Teaching popular media cultures from an anthropological perspective

When researching and experiencing the messy world of human social life, I believe in fostering enquiry journeys that promote a tolerance for ambiguity. Social life is messy and complicated, and we should provide students with tools for them to make up their own minds. We are located in disciplines that are arenas of contestation and discussion and we often agree to disagree. This is the challenge, and virtue, of teaching, researching, and immersing oneself in social sciences. Tolerance for ambiguity is a key trait in research and learning journeys. A powerful way to aid students in their self-regulation and monitoring of their tolerance for ambiguity is by motivating them to keep going whenever they encounter novel concepts or apparently contradictory information.

Part of sustaining tolerance for ambiguity is to nurture contributions that extend our understanding of, and commitment to, the multiplicity and plurality of legitimate goals for social science inquiry (Bochner, 2000). From the very first session, I make clear that we are looking for perspectives that tolerate ambivalences, contradictions, and embrace the complexity of social worlds and human interaction (Tolson, 2010; author, 2019). As Baym and Markham argue “our goal is not to convert others to our way of seeing. We are not after one true explanation. Rather, we are after a thorough, grounded, trustworthy voice that makes meaningful contributions to ongoing dialogues and on which others can build” (2013, p. 189). By acknowledging  how culture is relational, partial and plural, how it is always about cultures, with an ‘s’ (Agar, 2006), we understand that our accounts are not final truths or ever complete. Our conclusions are situated and subject to revision (Boellstorff, 2008; Livingstone, 2003; Bazeley, 2014). “Accounts are essentially contestable, just as cultural analysis is a necessarily incomplete business” (Morley and Silverstone, 1991, p. 157).

When we teach how to research our complex social lives, we must grant space for subjectivity, indeterminacy, and instability. Stemming from hermeneutics and phenomenological understandings, influenced by the egalitarian stance of cultural studies and poststructuralism’s call to deconstruct binarisms, I argue for open and fluid scholarships (Elliot, 2013) to explore already open and fluid texts. In the words of Chin and Morimoto, to work from an “open socio-cultural perspective” (2015, p. 229; see also Sandvoss, 2005). Therefore, when planning learning activities and explaining methods as tools, I highlight the processual character of both learning and researching.

In this line, there is a certain sensibility, curiosity, and empathy that characterize anthropological work (Wollcott, 2008, 2010) that I seek to convey to students learning how to research our mediated socio-cultural realities. While it is important to recognize that we bring our own interpretive sense and cultural orientation with us to the field when seeking to portray the ‘ethos’ of media cultures from emic perspectives, I teach students to embrace the interpretive value of “intuitive realizations” (Charmaz, 2006, p. 5) and develop “theoretical sensitivities” (p. 148; Glaser, 1978).

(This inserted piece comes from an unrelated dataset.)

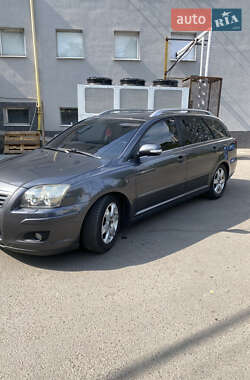 Toyota Avensis  2007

Explaining and complicating, ‘zooming in’ and ‘zooming out’

If we want young people to understand us in the context of a classroom, then we first need to understand them. We need to be attuned to their interests, their everyday media engagements and habits. Asking questions is also a way to acknowledge their hopes, expectations, fears and worries, to recognize them as persons, and to build “a safe space” (Brookfield, 2015, p. 5), ‘a climate in which there is freedom to learn’ (Rogers, 1983, p. 157, cited by Mortiboys, 2012, p. 10). Planning activities based on contemporary pop culture and youth interests heightens their motivation to participate and their curiosity in ‘finding more out’.

University students are often avid media users themselves, who have already customized, personalized and appropriated their chosen media technologies and media pleasures in their everyday lives. My objective is to provide new perspectives, to “zoom out” and achieve a deepened awareness and self-reflexivity of aspects of their own situated practices and local knowledge (Knoblauch, 2005) as members of audience communities and fans of mediated texts and celebrities.

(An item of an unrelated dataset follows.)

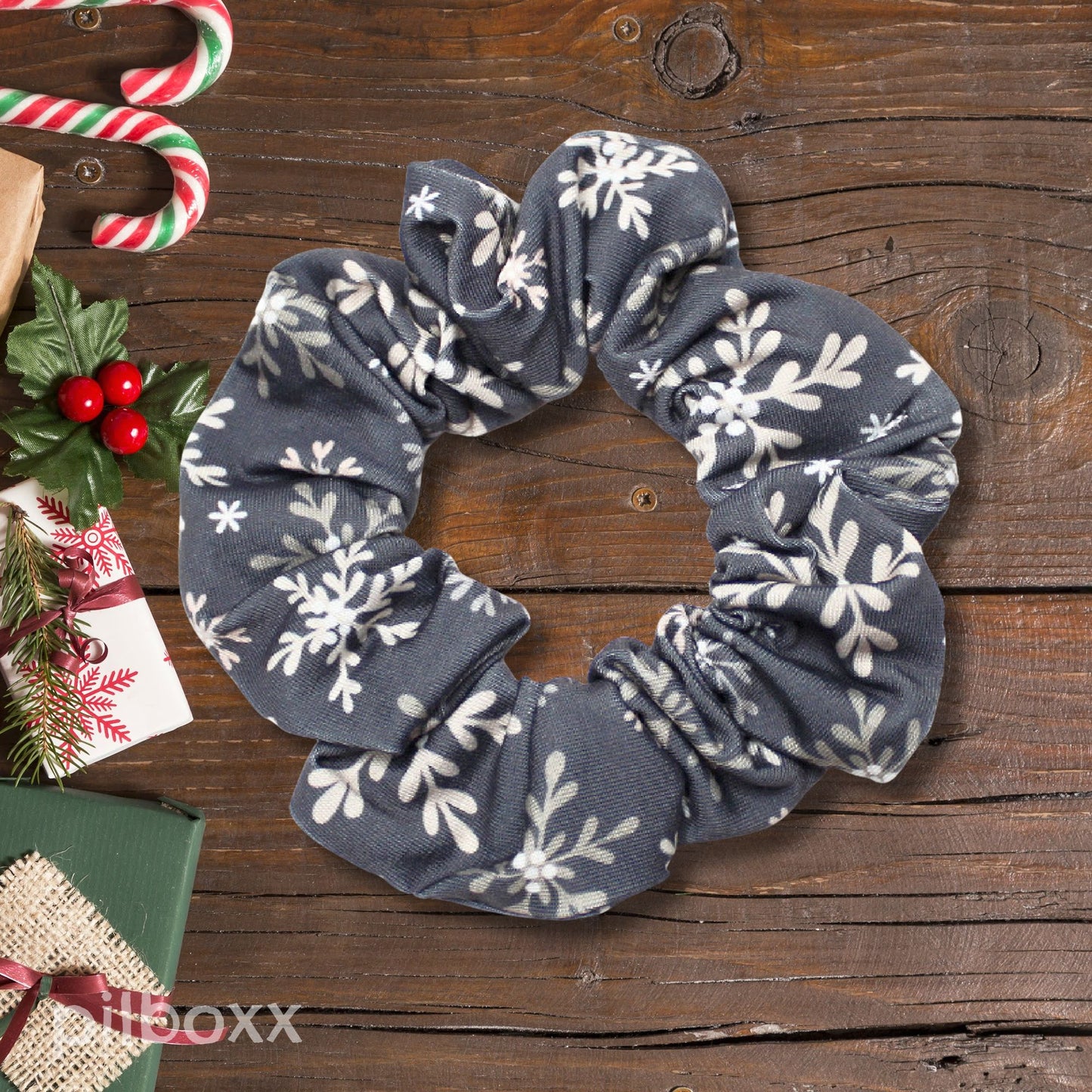 Cutesy Christmas Scrunchies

They can also be great informants, letting us know of new developments and trends. It is beneficial to establish an equalizing base of considering ourselves all users, fans, and members of the audience. This implies parting from what we all share as members of society to try to clarify and complicate. We do zoom in’ to discern specificities of phenomena but, beyond the explanation, complicating a concept, practice, or the engagement with a particular celebrity as media text, implies paying attention to their multiple dimensions and furthering knowledge of other possible interpretations, uses, and meanings.

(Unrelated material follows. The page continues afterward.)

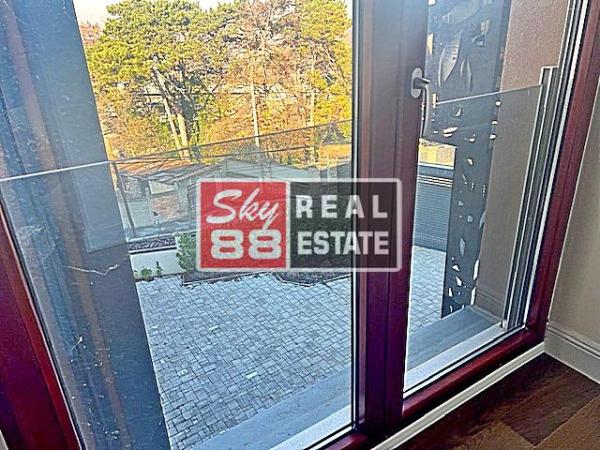 Slika 7 - Četvorosoban stan za izdavanje, 173m2, 3.500€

Mass media and pop culture as fields of study put us closer to powerful, well-known examples to start a fruitful conversation where students and teachers are on the same page. Discussing celebrities, online self-presentation, Instagram, and Tweets, are approachable, mundane topics and, as such, great opportunities to heighten their motivation and curiosity. We should make use of this and take profit from the engagement and enthusiasm we generate when involving them in things they ‘know’ already. The relevance of working from what they already master is also present in Carnell’s study (2007) around notions of successful teaching and learning in HE contexts, where it emerged as key to empower students to learn from their strengths. In this sense, it is relevant to facilitate learning by encouraging and supporting them to activate prior knowledge in order to make connections that bring them forward.

To conclude, I would like to reflect on one last point. In her study of UK university teachers’ conceptions of effective teaching, Carnell (2007) mentions the similarity in teacher and researcher journeys. Parting from their own research methodologies, teachers seek to enable students to construct their own knowledge and make sense of their experiences. I felt identified with this idea. For me, it is the foregrounding of the emic perspective and an underlying cultural relativism that I always ‘carry’ with me in my research (and life) journeys. Often it becomes particularly explicit how blended the dimensions of the ‘researcher self’, the ‘teacher self’ and the ‘self’ actually are. I see it as an ontological and epistemological chain where the way we, as people, understand human social life, feeds into our roles as researchers and this further frames our pedagogies, allowing us to involve others. But it also comes back to us advancing in the opposite direction: We realise that it is, after all, possible to end up passing on that same enthusiasm in enquiry journeys ingrained in ourselves, our personal selves, and our researcher selves. As Brookfield (2015) argues, our teaching practice develops from mixes and matches, from a patchwork quilt of formative experiences, and inspirational moments that we went through as learners and peers ourselves.

  • Let us practice tolerant, open scholarships where entertainment, affect, and pleasure are legitimate reasons to engage with popular media texts, without resorting to paternalistic views or preconceptions about the critical abilities of users, audiences, and fans.
  • Let us nurture contributions that extend our understanding of, and commitment to, the multiplicity and plurality of legitimate goals for social science inquiry. Let us embrace our partial, plural, and relational paths and truths. Fluidity, ambiguity, polysemy.
  • When we teach how to research our complex social lives, let us grant space for subjectivity, indeterminacy, and instability. It is, after all, possible to end up passing on that same enthusiasm in enquiry journeys ingrained in ourselves, our personal selves, and our researcher selves.